··· SUPPLIED INFORMATION ···

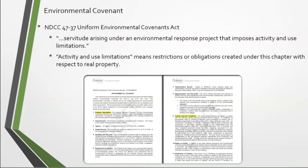The proposed institutional controls will be placed under an environmental covenant that runs with the property and establishes activity and use limitations (AULs). This environmental covenant is an agreement between the NDDEQ and the responsible party to ensure future property users and owners are aware of the protections in place regarding any remaining contamination on site.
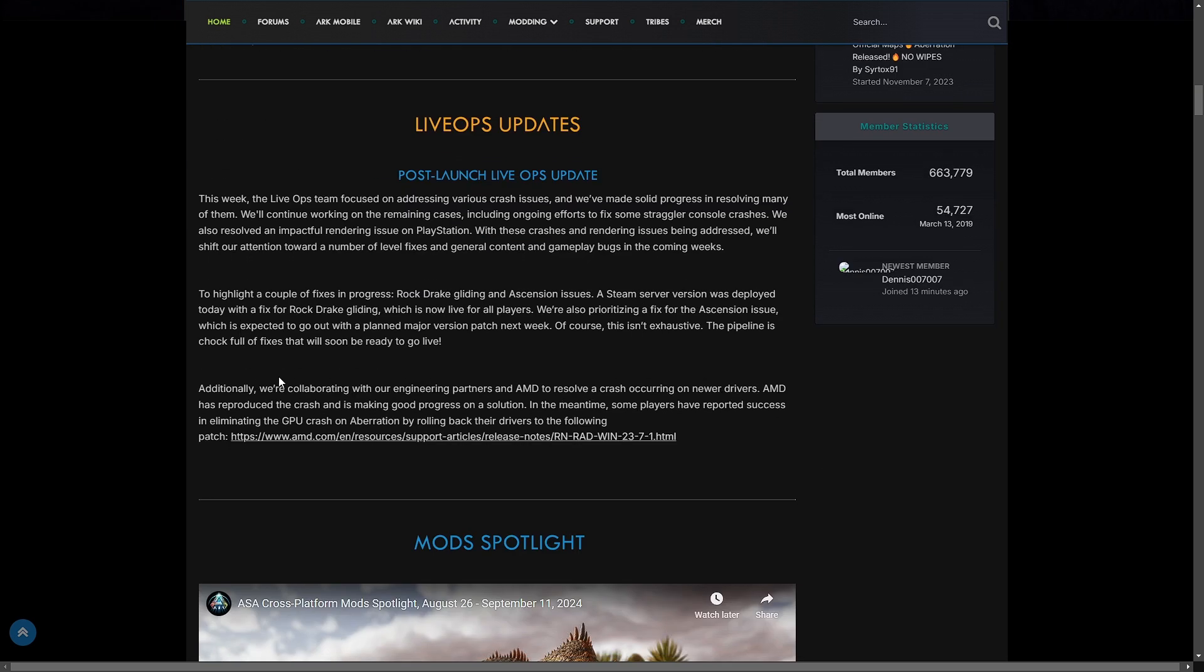Live Ops updates. These are pretty important because they have fixed quite a few things in Aberration that needed fixing. The Live Ops team focused on addressing crash issues and they've made solid progress. They've worked hard on PlayStation rendering issues and they'll work towards other fixes and gameplay bugs in the coming weeks.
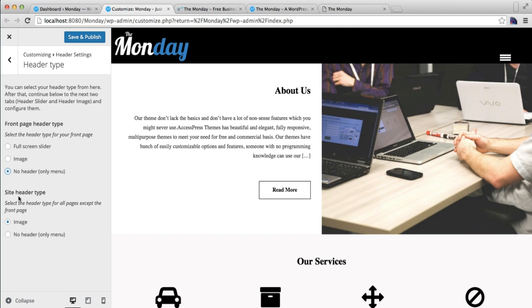If you want no header but only a menu, you can select that too. Under Site Header Types, you can select the header type for all pages except the front page. From here you can also choose whether to show an image on particular single pages, or if you don't want to show any header image on single pages except the front page, you can choose no image.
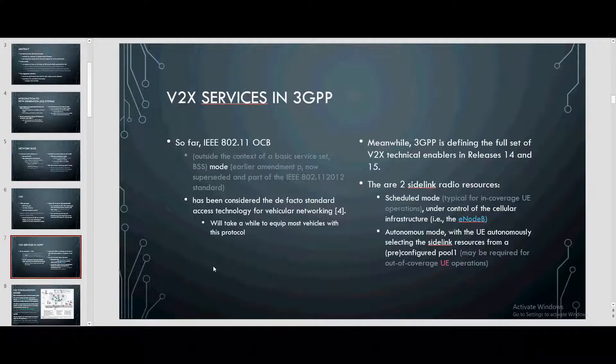For V2X services, the 802.11 OCB mode is considered the de facto standard access technology for vehicle-to-vehicle networking. It will take a while to equip most vehicles with the protocol. Meanwhile, 3GPP has defined the full set of V2X procedures in releases 14 and 15. There are two sidelink radio modes: scheduled mode under control of the base station (eNB), and autonomous mode where the UE autonomously selects sidelink resources, which may be required for out-of-coverage UE operations.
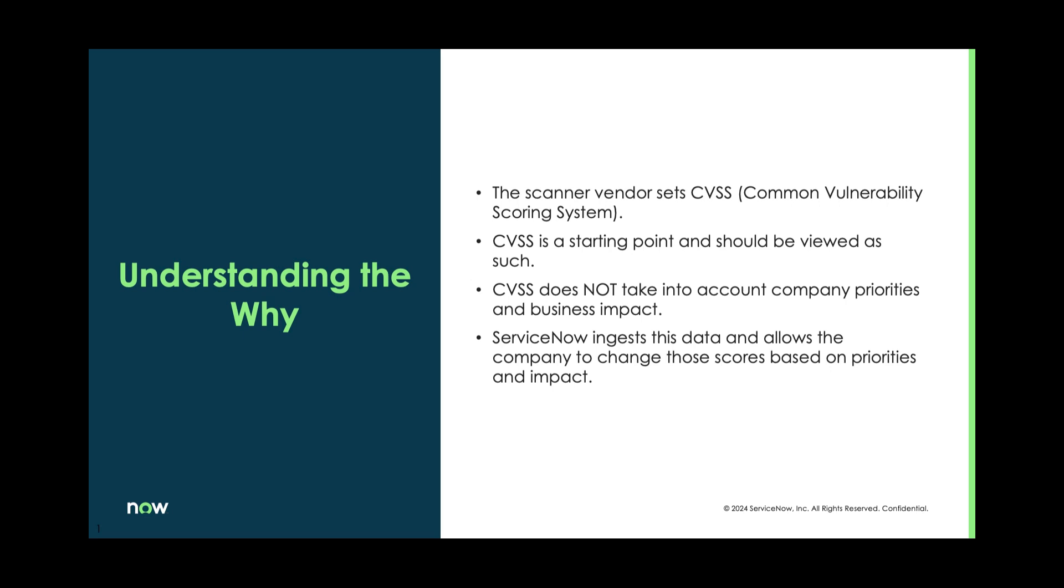Understanding the why. So when it comes to scanners, we'll import data from a scanner and we will receive that CVSS, the Common Vulnerability Scoring System number from them. But to us, the CVSS is a starting point. We really want to use that as a stepping stone in how we're going to evaluate vulnerabilities.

···

AIM OF THE EXERCISE: Give all the lines above again, character for character, without pictures.

OUTPUT OF THE TASK:
The proposed institutional controls will be placed under an environmental covenant that runs with the property and establishes activity and use limitations (AULs). This environmental covenant is an agreement between the NDDEQ and the responsible party to ensure future property users and owners are aware of the protections in place regarding any remaining contamination on site.
Live Ops updates. These are pretty important because they have fixed quite a few things in Aberration that needed fixing. The Live Ops team focused on addressing crash issues and they've made solid progress. They've worked hard on PlayStation rendering issues and they'll work towards other fixes and gameplay bugs in the coming weeks.
If you want no header but only a menu, you can select that too. Under Site Header Types, you can select the header type for all pages except the front page. From here you can also choose whether to show an image on particular single pages, or if you don't want to show any header image on single pages except the front page, you can choose no image.
For V2X services, the 802.11 OCB mode is considered the de facto standard access technology for vehicle-to-vehicle networking. It will take a while to equip most vehicles with the protocol. Meanwhile, 3GPP has defined the full set of V2X procedures in releases 14 and 15. There are two sidelink radio modes: scheduled mode under control of the base station (eNB), and autonomous mode where the UE autonomously selects sidelink resources, which may be required for out-of-coverage UE operations.
Understanding the why. So when it comes to scanners, we'll import data from a scanner and we will receive that CVSS, the Common Vulnerability Scoring System number from them. But to us, the CVSS is a starting point. We really want to use that as a stepping stone in how we're going to evaluate vulnerabilities.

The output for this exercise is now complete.